The official Global Disease Burden 2010 (GDB) report was released today to a cadre of enthusiastic scientists, clinicians, and public health officials at the Royal Society in London (research that I mentioned this morning in a post about University of Washington scholar Christopher Murray–seen in photo). The project has been underway since 2007, and its results are as anticipated by public health officials and practitioners as geneticists and biologists were for the Human Genome Project (HGP). However anticipated the release of this study is, hesitancy to openly embrace the project remains.
Emma Veitch, the Acting Deputy Editor on PLoS Medicine and a Consulting Editor on PLoS ONE, writes that the “key differences between the two [HGP and GDB] projects is their approach to transparency and data sharing.” The HGP was open, and excitedly shared its findings. The GDB, on the other hand, is reserved and cautious. For a project of this size, and with such vital information for the betterment of public health, what is keeping Murray and his colleagues from joyously revealing the full spectrum of their findings? As with a lot of science, it can be summed up nicely with a single word:
Veitch continues by noting that the GDB’s “data displays, however fun and nifty, do not equate to the type of transparency that is needed for full external scrutiny and reanalysis,” because, she says, research of this type is “subject to huge uncertainty.” Uncertainty about what, though?
Veitch recognizes that the results from a project of this sort are only “estimates,” and as such are subject to the test of time and further research. What has me confused, then, is that I thought all science was subject to these same variables. If so, we must figure out a way to reconcile the gap between basic research and policy creation.

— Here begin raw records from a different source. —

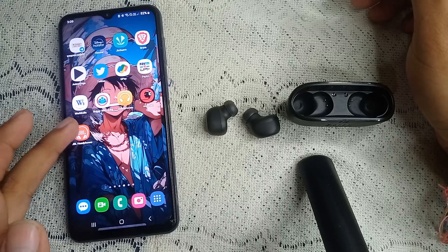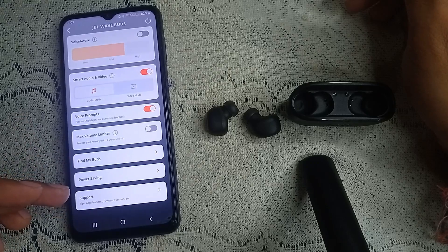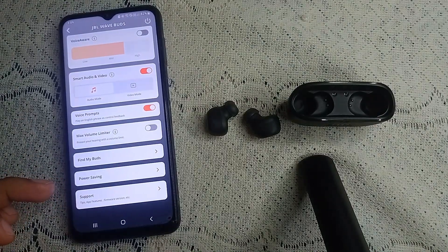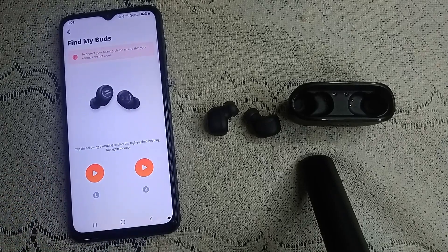After that, go into the JWale headphone app and look for the section called 'Find My Parts.' Click on it.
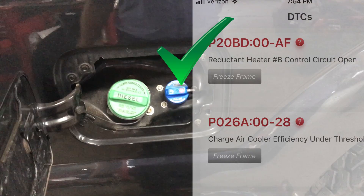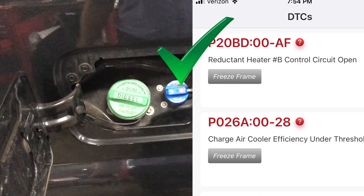Now we're going to move on to the P026A, and you're not going to want to miss this one.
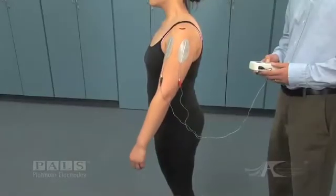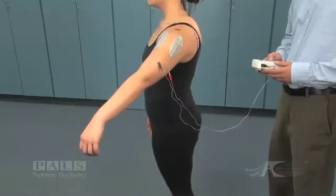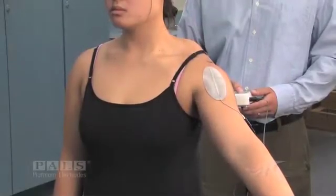In our first placement, the negative electrode of the asymmetric waveform is placed over the anterior deltoid, and you can see the resultant stimulation is one of dominant flexion.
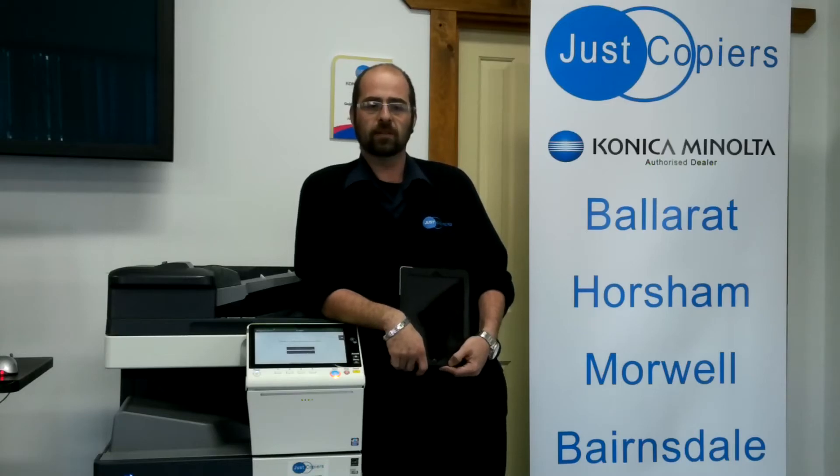Hi, my name is Daniel Adar from Just Copiers and today I'm going to show you how to use AirPrint from your iPhone or iPad to a later model Konica Minolta photocopier.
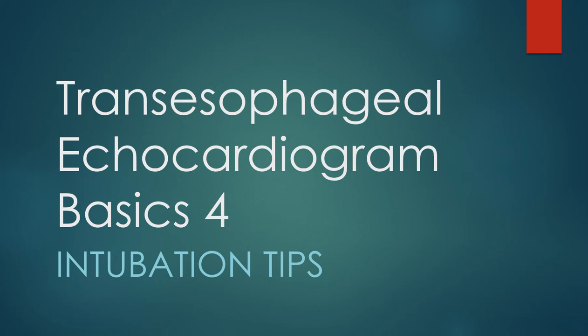For the transesophageal echocardiogram series on intubation tips, please look for my other videos regarding room setup, consenting and moderate sedation, and most importantly how to acquire basic images for a cardiology fellow.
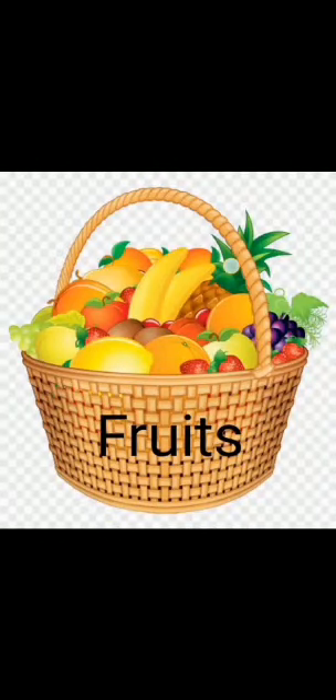Hello children, today we are going to learn about some more fruits.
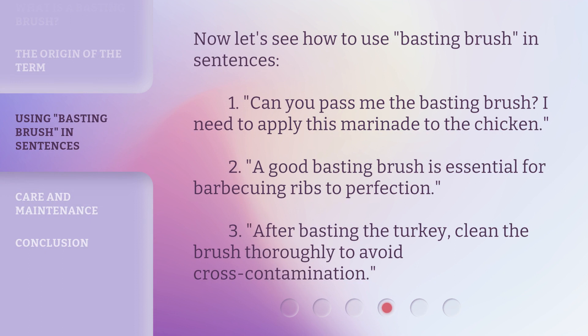Now let's see how to use "basting brush" in sentences. One: Can you pass me the basting brush? I need to apply this marinade to the chicken. Two: A good basting brush is essential for barbecuing ribs to perfection. Three: After basting the turkey, clean the brush thoroughly to avoid cross-contamination.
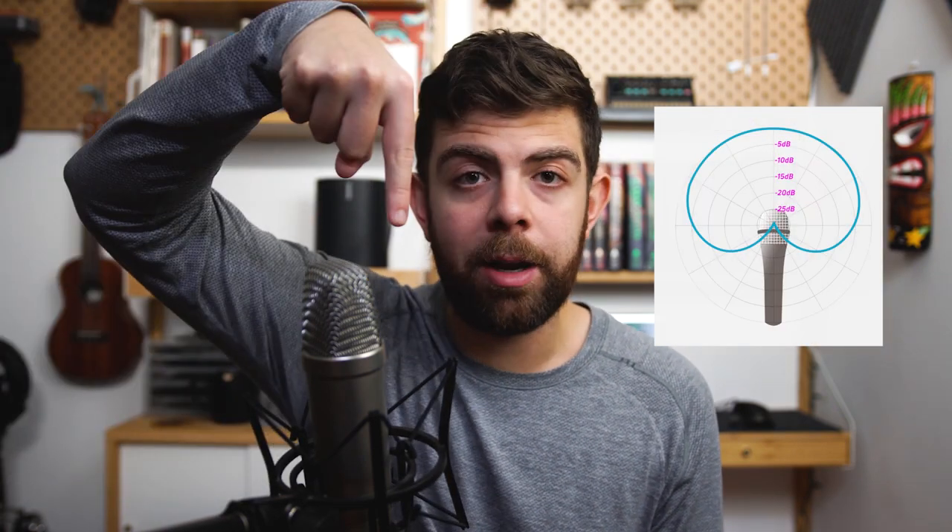The second thing you should know is the type of microphone you're working with. Knowing the polar pattern — the direction that the mic picks up sound — is key. For example, this Rode NT1A has a cardioid pickup pattern, which means there's a heart shape around the microphone that it picks up sound in. When recording, make sure your source is somewhere within that pattern. It picks up sound really well if you're in front of the mic or slightly off axis to the side, but if you go around the back, your voice drops off really hard.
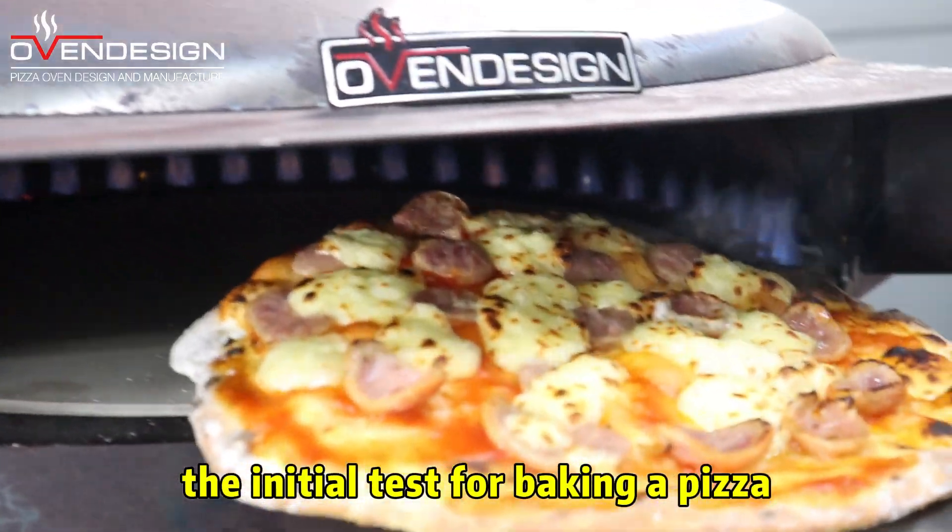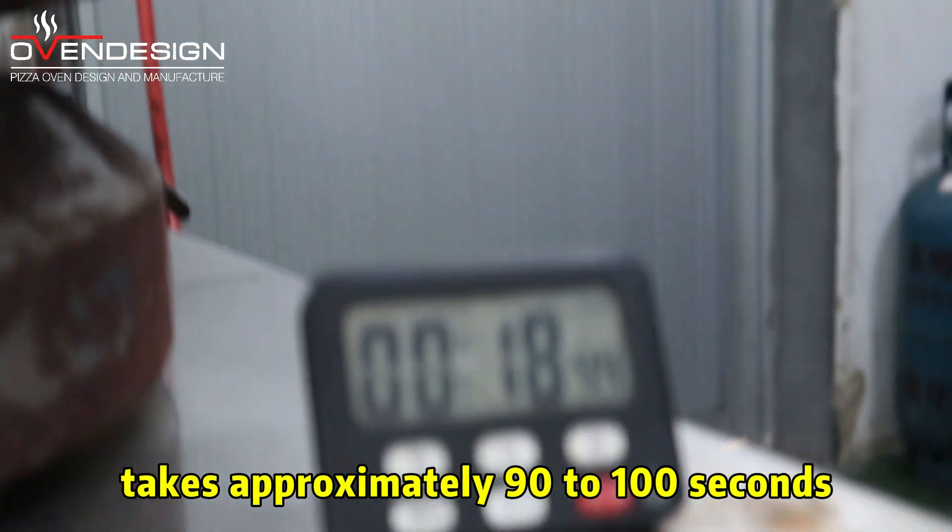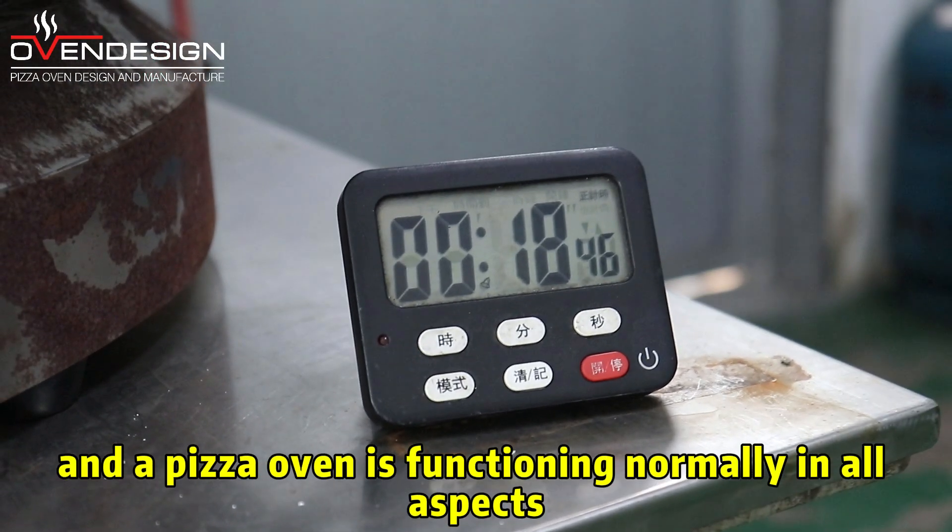The initial test for baking a pizza takes approximately 90 to 100 seconds. And the pizza oven is functioning normally in all aspects.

This situation reminds me of the precautionary principle. The principle is an imperative that says action should be taken regardless of uncertainty or consensus among scientists if not acting (or disseminating the information) means the problem persists and further puts others (i.e. the public) at risk. An argument against this is that acting without total certainty may end up doing equal harm. But we’ll never know either way. What results from this stand off between certainty and uncertainty? Policy gridlock.
We see this in climate science, resource management, education reform, and other issues at the science-policy interface. In fact, this is a very human problem: we have limited foresight, and our models of reality only get us so far in ensuring that a course of action is right and beneficial. The only way we continue forward is by using the precautionary principle (which when seen in this light is a very intuitive notion). There is more at stake in this than just wanting to make sure the findings are sound.
Murray, his team of researchers, and the entire community of scientists want to have more confidence in their work before sending out to the world because, once again, this is ultimately an issue of how science is understood as not only a practice, but an epistemology. Science is perceived as an enterprise (a community) that, when it speaks, it has its facts straight about the subject at hand. This expectation is perpetuated when scientists balk at sharing their work when it is not fully girded with certainty. Thus, this is really an issue of cultural gridlock.
I argue that the only way to move forward, to shift this paradigm, is for scientists to chip away at this unnecessary perception by taking risks and informing the public and–maybe more crucial–research funders that science is simply and is always a work in progress. This should not, however, keep us from acting with what information we have.